Before Keeling came on the scene in 1955 as a 27-year-old post-doc at Caltech, climate science was a chaotic, misguided business, carried on mostly in Sweden with haphazard results running a gamut from 150 ppm (parts per million) at its low end to 450 ppm at its highest.

The belief was that there were separate air masses of varying carbonic intensity all over the planet.  To make matters worse, measurements were carried out by different technicians using different equipment to take measurements at different times of day in different locations, ranging from pristine high elevations in nature to the polluted centers of gritty overpopulated urban locations. 

Keeling quickly rejected the Swedish model and invented a greatly simplified one of his own, using simple uniform equipment operated by the same technician, (usually himself) and always in the same locations, in pristine locations in nature.  

He quickly discovered that the same air currents travelled across the oceans and visited every corner of the planet. And he found there was a single CO2 number at any given moment for the entire planet.  

More than six decades ago when Keeling began his measurements, the number was 310 ppm.  In April, it’s expected to reach 411 ppm. More than half the increase noted over the past 120 years has taken place in the last 25 years. 

Future projections, based on the current level of CO2 rise, forecasts that carbon dioxide by 2050 will rise to 600 ppm. 

In 2011, it occurred to Studio City playwright and Sierra Club memberGeorge Shea that telling Keeling’s story offered a simple, highly accessible way to explain climate change to a general audience. 

He decided that a one person play about Keeling would go a lot further if he could find a well known actor to play Keeling. On a gray, rainy January day, he stumbled across a neighbor, Mike Farrell who, in his eight years on the TV show “MASH,” had become known to TV viewers all over the planet.  

Farrell said he would consider playing Keeling but added: “It can’t be a dry academic lecture. It has to be entertaining.” He and Shea went back and forth for six months and came up with a script they both liked.  At times it was very funny but it did what it was intended to do: explain global warming.

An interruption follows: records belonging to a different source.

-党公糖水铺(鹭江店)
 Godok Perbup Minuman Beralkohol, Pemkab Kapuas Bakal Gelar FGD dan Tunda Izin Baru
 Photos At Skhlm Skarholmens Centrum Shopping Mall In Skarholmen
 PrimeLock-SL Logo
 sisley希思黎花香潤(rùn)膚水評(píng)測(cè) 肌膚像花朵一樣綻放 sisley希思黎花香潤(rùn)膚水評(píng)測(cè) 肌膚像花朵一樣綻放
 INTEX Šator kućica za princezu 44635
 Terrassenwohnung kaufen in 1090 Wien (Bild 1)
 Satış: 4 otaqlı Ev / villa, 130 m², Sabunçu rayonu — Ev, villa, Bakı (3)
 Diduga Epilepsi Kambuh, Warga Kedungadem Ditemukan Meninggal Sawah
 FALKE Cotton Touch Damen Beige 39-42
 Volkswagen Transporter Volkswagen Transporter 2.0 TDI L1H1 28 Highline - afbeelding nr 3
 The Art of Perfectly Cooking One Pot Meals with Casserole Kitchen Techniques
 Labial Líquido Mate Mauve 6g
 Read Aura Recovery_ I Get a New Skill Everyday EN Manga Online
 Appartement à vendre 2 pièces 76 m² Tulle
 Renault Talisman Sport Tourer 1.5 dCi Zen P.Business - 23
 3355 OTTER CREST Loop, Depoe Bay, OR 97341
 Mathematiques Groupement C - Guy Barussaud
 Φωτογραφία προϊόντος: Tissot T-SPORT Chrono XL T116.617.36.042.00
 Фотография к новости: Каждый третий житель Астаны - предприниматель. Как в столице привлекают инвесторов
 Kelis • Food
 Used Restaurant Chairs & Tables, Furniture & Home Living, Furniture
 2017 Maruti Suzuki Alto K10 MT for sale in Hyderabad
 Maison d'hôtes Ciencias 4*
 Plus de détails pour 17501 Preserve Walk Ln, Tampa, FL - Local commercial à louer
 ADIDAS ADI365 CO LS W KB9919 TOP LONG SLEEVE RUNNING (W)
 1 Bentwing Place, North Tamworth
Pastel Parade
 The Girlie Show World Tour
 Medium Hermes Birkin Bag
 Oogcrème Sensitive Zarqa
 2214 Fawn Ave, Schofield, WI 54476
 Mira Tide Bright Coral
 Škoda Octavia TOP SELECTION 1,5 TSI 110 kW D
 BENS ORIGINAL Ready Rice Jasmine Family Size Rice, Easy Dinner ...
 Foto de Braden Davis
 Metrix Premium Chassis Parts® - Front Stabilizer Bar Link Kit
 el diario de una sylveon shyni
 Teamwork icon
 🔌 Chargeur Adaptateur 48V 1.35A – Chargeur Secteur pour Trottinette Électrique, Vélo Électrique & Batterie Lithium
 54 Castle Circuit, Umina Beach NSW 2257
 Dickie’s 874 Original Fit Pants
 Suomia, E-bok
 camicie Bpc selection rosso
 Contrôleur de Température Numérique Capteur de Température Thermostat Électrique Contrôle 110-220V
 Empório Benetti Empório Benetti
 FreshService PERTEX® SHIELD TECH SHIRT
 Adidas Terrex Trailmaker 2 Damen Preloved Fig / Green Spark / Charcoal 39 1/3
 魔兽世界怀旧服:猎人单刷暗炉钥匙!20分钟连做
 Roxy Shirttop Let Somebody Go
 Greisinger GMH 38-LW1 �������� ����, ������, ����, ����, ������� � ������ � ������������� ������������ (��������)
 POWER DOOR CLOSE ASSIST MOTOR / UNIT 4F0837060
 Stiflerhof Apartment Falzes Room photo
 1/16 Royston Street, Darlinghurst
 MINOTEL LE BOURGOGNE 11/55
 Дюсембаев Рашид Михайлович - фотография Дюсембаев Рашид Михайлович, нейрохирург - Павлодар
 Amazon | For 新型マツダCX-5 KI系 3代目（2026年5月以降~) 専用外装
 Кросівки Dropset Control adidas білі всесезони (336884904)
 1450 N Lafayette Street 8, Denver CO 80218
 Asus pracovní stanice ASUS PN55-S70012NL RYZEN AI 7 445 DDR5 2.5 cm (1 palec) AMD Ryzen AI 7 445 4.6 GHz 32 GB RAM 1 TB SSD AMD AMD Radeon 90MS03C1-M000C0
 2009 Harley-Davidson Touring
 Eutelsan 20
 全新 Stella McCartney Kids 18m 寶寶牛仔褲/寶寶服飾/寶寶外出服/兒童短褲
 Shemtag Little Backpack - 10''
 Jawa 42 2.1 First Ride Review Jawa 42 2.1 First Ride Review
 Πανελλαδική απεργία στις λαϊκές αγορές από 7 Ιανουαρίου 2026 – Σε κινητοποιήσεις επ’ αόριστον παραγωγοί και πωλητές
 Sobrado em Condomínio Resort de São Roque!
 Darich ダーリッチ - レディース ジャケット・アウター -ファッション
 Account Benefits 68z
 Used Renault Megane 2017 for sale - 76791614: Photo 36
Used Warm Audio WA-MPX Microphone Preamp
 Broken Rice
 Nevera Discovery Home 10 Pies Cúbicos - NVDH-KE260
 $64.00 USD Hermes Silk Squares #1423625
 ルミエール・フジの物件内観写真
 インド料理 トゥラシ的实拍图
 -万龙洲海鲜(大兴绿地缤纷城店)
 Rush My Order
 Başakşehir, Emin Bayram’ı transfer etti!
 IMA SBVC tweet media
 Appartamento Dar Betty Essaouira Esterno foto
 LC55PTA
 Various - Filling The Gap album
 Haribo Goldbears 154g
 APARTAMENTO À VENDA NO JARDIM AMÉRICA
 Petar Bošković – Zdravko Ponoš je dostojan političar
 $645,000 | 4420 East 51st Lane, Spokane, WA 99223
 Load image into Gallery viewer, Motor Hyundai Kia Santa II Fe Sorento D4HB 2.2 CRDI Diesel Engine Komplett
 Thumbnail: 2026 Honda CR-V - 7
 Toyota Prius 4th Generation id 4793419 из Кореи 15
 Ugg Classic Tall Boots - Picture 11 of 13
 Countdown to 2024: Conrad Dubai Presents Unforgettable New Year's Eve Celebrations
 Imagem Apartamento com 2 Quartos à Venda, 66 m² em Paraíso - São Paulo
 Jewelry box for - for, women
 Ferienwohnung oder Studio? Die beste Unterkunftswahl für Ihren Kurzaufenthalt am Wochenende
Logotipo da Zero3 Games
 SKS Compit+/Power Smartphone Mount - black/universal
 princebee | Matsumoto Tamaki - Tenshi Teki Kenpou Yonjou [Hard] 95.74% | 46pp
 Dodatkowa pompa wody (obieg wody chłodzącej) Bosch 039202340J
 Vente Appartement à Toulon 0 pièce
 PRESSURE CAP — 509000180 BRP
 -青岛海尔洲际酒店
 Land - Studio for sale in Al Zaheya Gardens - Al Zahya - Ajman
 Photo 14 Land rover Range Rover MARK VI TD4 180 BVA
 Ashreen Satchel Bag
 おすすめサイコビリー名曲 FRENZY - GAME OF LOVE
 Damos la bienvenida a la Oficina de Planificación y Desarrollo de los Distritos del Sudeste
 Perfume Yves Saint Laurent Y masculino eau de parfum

“The first two-thirds of the play has never changed,” Shea said. “It tells the story of  Keeling’s life. But the last third always needs to be updated. It’s a very fluid situation now that is constantly changing with new and often disturbing developments happening all the time.  It’s a very scary time. That’s why I wrote it and Mike agreed to do it.  He’s perfect as Keeling — and funny at the same time.”